Donald Trump paraded his new endorser in front of an excited New Hampshire crowd Tuesday night, saying Vivek Ramaswamy had a “big, beautiful, bright future” in front of him after dropping out of the race.
He introduced his former rival and called for the Republican Party to endorse his candidacy before the November elections.
“It’s time for the Republican Party to come together, unite and move forward as one team, we have to beat corrupt Joe Biden,” Trump said to roars of ecstasy at the Atkinson Country Club.
He took the stage in New Hampshire after 24 hours that would represent an extraordinary day of ups and downs for any other candidate.
For Trump everything was almost the same as always.
President Donald Trump introduced Vivek Ramaswamy to an ecstatic crowd in Atkinson, New Hampshire, on Tuesday night at the end of a whirlwind 24 hours.
Admirers offered Trump a chance to vent after an awkward morning in court.
After crushing his rivals by 30 points in the Iowa caucuses (the first formal test of his popularity) on Monday night, he flew to New York for his $10 million defamation trial, where a judge told potential jurors that another jury had already determined that the former president sexually abused columnist E. Jean Carroll in the 1990s.
Then it was necessary to return to the electoral campaign to culminate another day of breaking norms in the life of the former president.
And it ended with the opportunity to introduce Ramaswamy, who dropped out a day earlier after a disappointing fourth-place finish at Iowa.
The 38-year-old biotech entrepreneur was quick to praise Trump as the kind of leader who could bring stability to a country at war.
“It’s between the permanent state and the average citizen, between those of us who love the United States of America and a fringe minority who hate this country and what we stand for,” he said.
“And now we need a commander in chief to lead us to victory in this war.”
In the basement ballroom there were about five hundred people, shoulder to shoulder.
They had to wait about four hours for Trump, whose arrival was delayed by snow storms and freezing weather in the Northeast.
“This was a little tricky tonight, I’ll tell you,” he told his audience, describing how his pilot suggested the trip might not be a good idea, “but I’m glad I made it.”
Vivek withdrew from the race Monday night after finishing fourth in the Iowa caucuses.
As of 7:30 a.m., Trump had more than 51 percent of the vote, with Haley and DeSantis in second and third place.
After dispatching his opponents in Iowa,
And he concluded his speech by describing his agenda for the coming days.
‘I’m going on a Biden witch hunt.
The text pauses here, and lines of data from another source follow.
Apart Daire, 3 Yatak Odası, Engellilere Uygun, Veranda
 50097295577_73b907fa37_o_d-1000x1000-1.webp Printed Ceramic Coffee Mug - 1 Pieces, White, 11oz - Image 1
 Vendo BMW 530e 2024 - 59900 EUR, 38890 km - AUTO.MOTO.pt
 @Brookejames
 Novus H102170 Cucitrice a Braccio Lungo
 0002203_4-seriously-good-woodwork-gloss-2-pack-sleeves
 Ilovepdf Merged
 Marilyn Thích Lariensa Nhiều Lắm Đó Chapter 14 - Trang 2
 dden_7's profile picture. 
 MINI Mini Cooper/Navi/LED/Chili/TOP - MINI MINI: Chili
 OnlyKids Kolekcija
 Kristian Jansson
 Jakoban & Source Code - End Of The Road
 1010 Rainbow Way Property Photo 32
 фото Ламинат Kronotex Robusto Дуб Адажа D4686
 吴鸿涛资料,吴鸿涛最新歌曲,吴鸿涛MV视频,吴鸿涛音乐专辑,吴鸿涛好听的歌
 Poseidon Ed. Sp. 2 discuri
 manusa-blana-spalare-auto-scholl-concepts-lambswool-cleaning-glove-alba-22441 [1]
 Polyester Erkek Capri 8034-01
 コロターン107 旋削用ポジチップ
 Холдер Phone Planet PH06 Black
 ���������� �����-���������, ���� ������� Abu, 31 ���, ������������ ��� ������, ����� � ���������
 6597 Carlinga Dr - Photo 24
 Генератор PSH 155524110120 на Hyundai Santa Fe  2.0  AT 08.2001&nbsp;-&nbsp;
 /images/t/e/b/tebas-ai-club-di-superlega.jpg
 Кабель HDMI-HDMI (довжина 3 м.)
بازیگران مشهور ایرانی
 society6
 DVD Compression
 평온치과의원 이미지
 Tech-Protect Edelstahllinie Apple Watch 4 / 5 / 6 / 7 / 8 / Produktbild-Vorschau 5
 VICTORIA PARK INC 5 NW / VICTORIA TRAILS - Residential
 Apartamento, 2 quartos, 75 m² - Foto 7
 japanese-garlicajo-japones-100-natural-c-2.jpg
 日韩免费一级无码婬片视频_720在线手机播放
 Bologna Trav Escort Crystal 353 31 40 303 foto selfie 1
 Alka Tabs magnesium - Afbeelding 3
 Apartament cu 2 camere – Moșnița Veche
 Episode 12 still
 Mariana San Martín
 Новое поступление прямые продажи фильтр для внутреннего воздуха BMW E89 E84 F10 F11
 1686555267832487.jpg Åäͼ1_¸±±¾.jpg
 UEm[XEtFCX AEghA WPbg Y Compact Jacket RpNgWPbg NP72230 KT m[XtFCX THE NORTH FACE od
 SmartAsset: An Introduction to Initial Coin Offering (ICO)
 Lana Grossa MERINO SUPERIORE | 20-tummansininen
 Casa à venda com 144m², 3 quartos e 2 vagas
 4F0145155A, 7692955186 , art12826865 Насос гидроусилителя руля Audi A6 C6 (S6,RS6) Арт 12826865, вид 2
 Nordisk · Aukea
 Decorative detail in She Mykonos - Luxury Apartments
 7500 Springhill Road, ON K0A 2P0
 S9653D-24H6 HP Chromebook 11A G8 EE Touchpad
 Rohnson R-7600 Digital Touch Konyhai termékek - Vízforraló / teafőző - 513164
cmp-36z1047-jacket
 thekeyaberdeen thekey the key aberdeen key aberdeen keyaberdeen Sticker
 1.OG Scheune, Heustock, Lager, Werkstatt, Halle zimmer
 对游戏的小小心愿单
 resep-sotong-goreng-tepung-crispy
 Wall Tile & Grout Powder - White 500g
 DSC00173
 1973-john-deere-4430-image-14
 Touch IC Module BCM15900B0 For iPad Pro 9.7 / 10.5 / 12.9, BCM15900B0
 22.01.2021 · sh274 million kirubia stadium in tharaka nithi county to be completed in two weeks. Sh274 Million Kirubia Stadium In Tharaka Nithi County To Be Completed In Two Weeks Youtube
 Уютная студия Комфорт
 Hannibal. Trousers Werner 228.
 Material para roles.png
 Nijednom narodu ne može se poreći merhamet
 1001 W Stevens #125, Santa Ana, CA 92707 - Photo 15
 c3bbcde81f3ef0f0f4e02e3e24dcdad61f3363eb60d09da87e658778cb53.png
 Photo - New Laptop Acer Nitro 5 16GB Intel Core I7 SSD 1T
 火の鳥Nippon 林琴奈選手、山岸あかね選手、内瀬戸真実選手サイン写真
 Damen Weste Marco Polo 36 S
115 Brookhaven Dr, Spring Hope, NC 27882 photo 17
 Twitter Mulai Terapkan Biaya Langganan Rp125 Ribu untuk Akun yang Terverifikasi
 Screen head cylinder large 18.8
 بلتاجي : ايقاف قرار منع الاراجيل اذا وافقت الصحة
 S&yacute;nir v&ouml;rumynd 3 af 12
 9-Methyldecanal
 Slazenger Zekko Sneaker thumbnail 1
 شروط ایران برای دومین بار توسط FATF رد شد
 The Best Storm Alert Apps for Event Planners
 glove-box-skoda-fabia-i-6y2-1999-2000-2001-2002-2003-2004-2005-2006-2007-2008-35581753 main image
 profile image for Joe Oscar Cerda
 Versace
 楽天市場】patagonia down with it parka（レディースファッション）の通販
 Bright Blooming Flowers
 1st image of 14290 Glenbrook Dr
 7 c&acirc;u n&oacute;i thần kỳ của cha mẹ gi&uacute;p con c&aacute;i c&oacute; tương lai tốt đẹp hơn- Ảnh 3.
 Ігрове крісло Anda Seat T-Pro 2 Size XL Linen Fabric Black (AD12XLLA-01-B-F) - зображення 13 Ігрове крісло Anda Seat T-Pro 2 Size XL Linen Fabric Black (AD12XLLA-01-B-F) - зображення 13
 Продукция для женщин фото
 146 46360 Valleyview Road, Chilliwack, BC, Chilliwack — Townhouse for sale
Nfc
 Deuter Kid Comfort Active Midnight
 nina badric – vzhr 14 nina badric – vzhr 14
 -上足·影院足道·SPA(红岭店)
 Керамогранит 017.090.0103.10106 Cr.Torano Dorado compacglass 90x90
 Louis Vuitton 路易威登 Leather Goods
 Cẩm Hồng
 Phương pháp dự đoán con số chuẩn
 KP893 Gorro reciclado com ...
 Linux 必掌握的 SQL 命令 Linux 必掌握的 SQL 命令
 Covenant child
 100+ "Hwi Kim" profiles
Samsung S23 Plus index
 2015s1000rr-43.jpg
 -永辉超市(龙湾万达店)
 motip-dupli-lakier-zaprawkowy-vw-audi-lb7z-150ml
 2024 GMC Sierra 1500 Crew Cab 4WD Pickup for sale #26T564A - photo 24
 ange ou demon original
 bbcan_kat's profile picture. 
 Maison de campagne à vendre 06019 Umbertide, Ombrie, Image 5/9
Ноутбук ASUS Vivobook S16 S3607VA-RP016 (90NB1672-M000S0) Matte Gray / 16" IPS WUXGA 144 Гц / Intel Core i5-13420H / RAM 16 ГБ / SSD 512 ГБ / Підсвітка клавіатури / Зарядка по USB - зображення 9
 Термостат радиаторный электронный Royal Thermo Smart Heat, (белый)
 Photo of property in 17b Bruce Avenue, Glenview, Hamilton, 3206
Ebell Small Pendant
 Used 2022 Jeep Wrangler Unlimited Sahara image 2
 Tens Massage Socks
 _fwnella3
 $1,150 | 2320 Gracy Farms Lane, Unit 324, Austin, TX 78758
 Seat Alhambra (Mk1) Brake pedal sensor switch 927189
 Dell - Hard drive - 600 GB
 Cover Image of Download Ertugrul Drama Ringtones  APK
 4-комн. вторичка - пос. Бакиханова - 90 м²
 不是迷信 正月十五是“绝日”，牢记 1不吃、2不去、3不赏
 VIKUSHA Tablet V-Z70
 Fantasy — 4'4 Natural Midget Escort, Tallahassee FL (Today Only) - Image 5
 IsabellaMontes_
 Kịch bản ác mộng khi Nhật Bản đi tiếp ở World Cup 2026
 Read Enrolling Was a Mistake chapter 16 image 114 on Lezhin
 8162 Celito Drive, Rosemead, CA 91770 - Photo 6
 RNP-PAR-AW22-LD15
And then I come here in the afternoon and I stop and we make speeches and we get your votes and all that,’ she said.
“But no one has ever had to do this before.”
Fans offered a chance to vent after attending to other matters earlier.
He frowned and grimaced as the judge in his New York defamation trial addressed the jury. And then he left, before the opening speeches, to run to New Hampshire.
The former president also faces four criminal cases and 91 charges in addition to the defamation case.
He has used his court appearances as a campaign tool, addressing reporters outside the courtroom and using what he calls “witch hunts” to rally his base and raise money.
He admitted as much last week after hearing closing arguments in the New York fraud lawsuit against him. “I guess they would consider it part of the campaign,” he told reporters.
None of the accusations dented the enthusiasm of the crowd in the Atkinson Country Club ballroom.
Hundreds of people braved frigid temperatures and a snowstorm to line up for Trump in Atkinson, New Hampshire, on Tuesday night.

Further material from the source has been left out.